What is expected: Would you transcribe only the lines below, from the one containing "Business Sports Style" through the end of the material, exactly and with no pictures?

Data records:
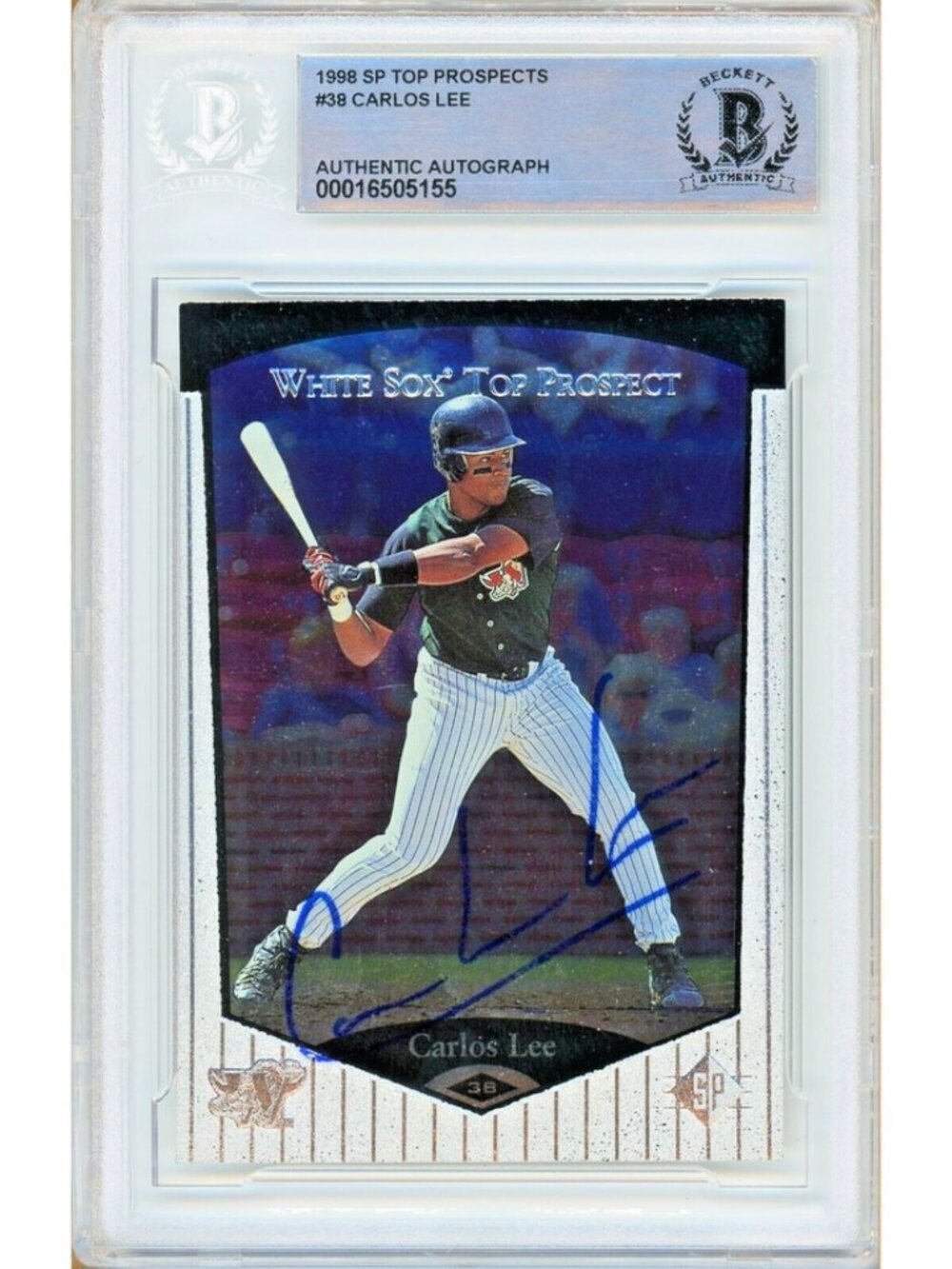 Carlos Lee Signed 1999 SP Top Prospects #38 White Sox Beckett BAS Slabbed Auto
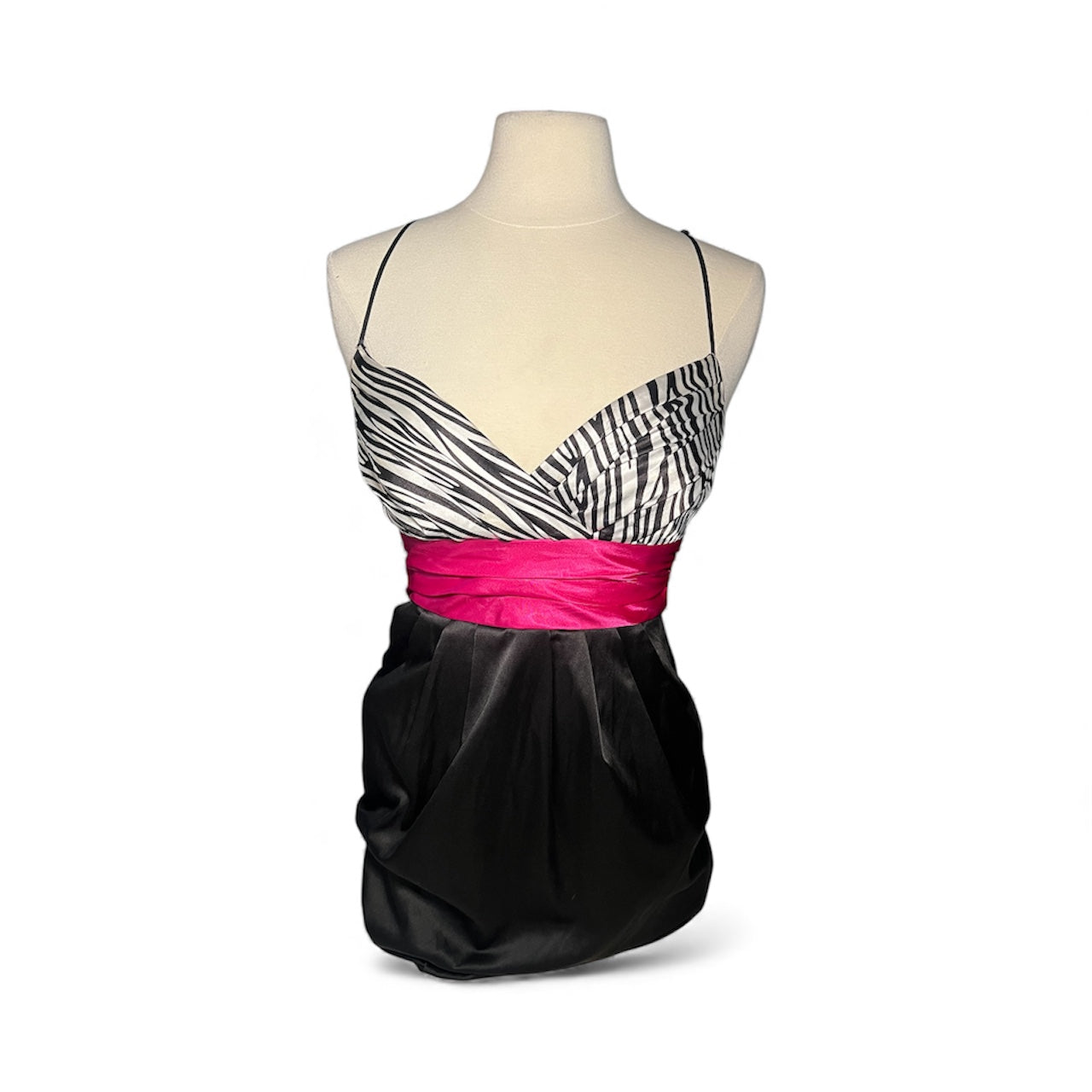 Tie Back Waist Zebra Print Bust Detailed Dress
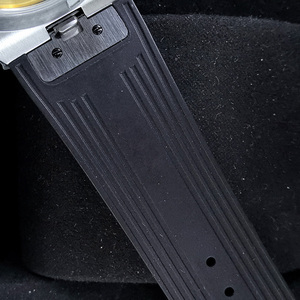 Business Sports Style Mechanical Watch Silver Dial Black Silicone Band Fashion Trendy Men's Watch - Product Image 5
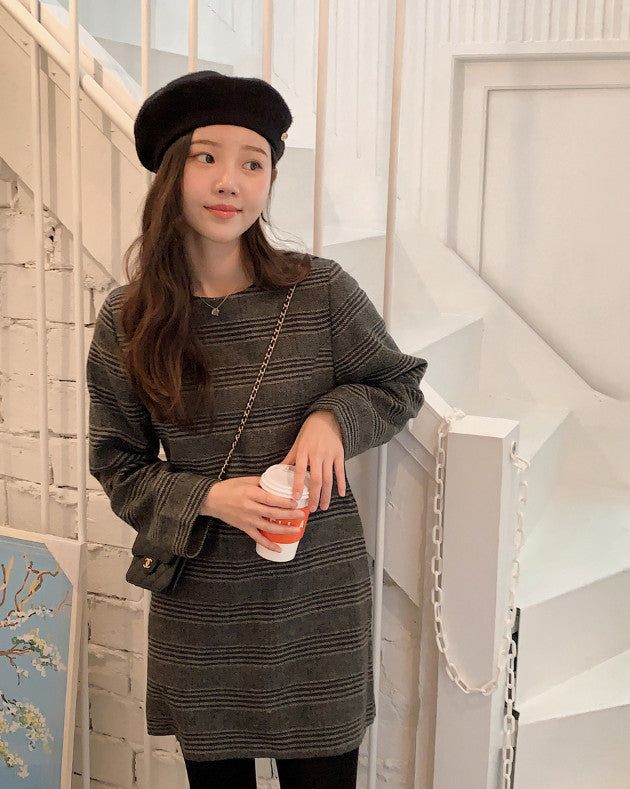 Classic Check Wool Mini Dress (2color)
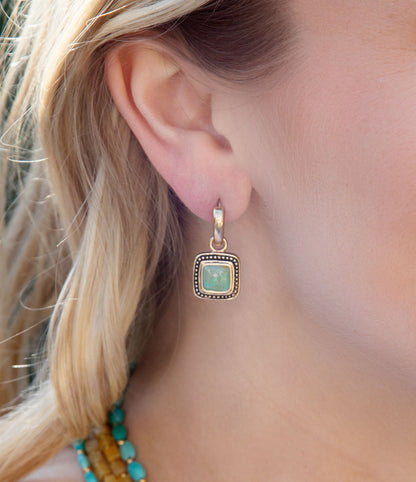 Flourish Blue Turquoise Golden Drop Earrings Barse Jewelry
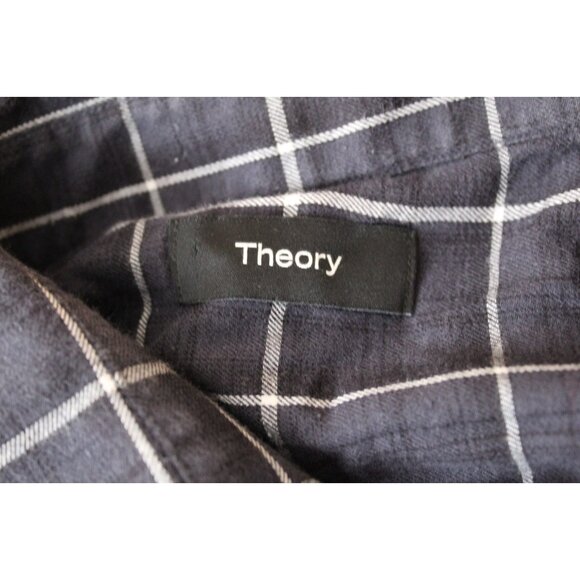 Theory Mens XS Charcoal Gray White Windowpane Check Button Down Shirt - Picture 4 of 5
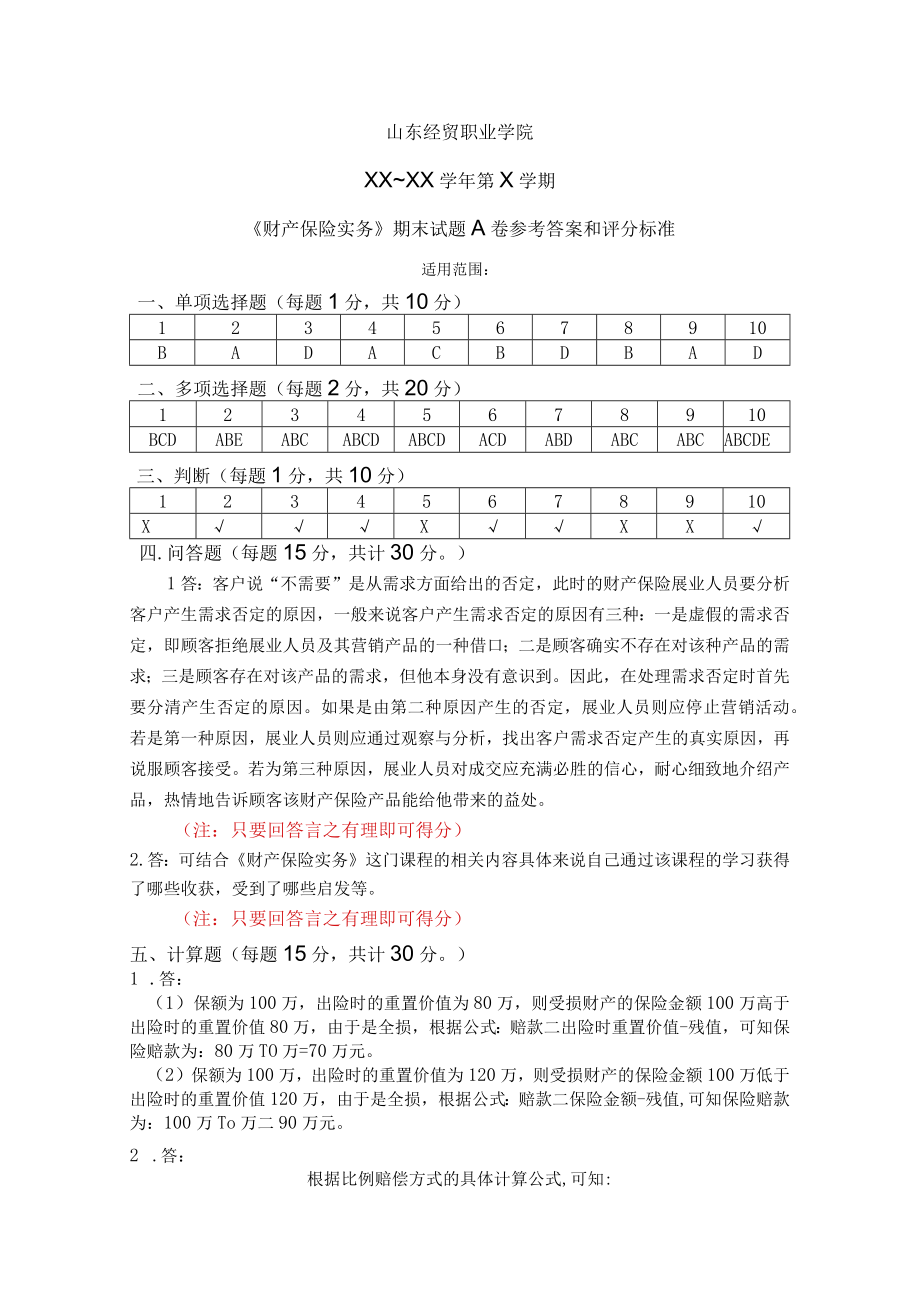 财产保险实务期末A卷参考答案及评分标准.docx_第1页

Solution:
 Business Sports Style Mechanical Watch Silver Dial Black Silicone Band Fashion Trendy Men's Watch - Product Image 5
 Classic Check Wool Mini Dress (2color)
 Flourish Blue Turquoise Golden Drop Earrings Barse Jewelry
 Theory Mens XS Charcoal Gray White Windowpane Check Button Down Shirt - Picture 4 of 5
 财产保险实务期末A卷参考答案及评分标准.docx_第1页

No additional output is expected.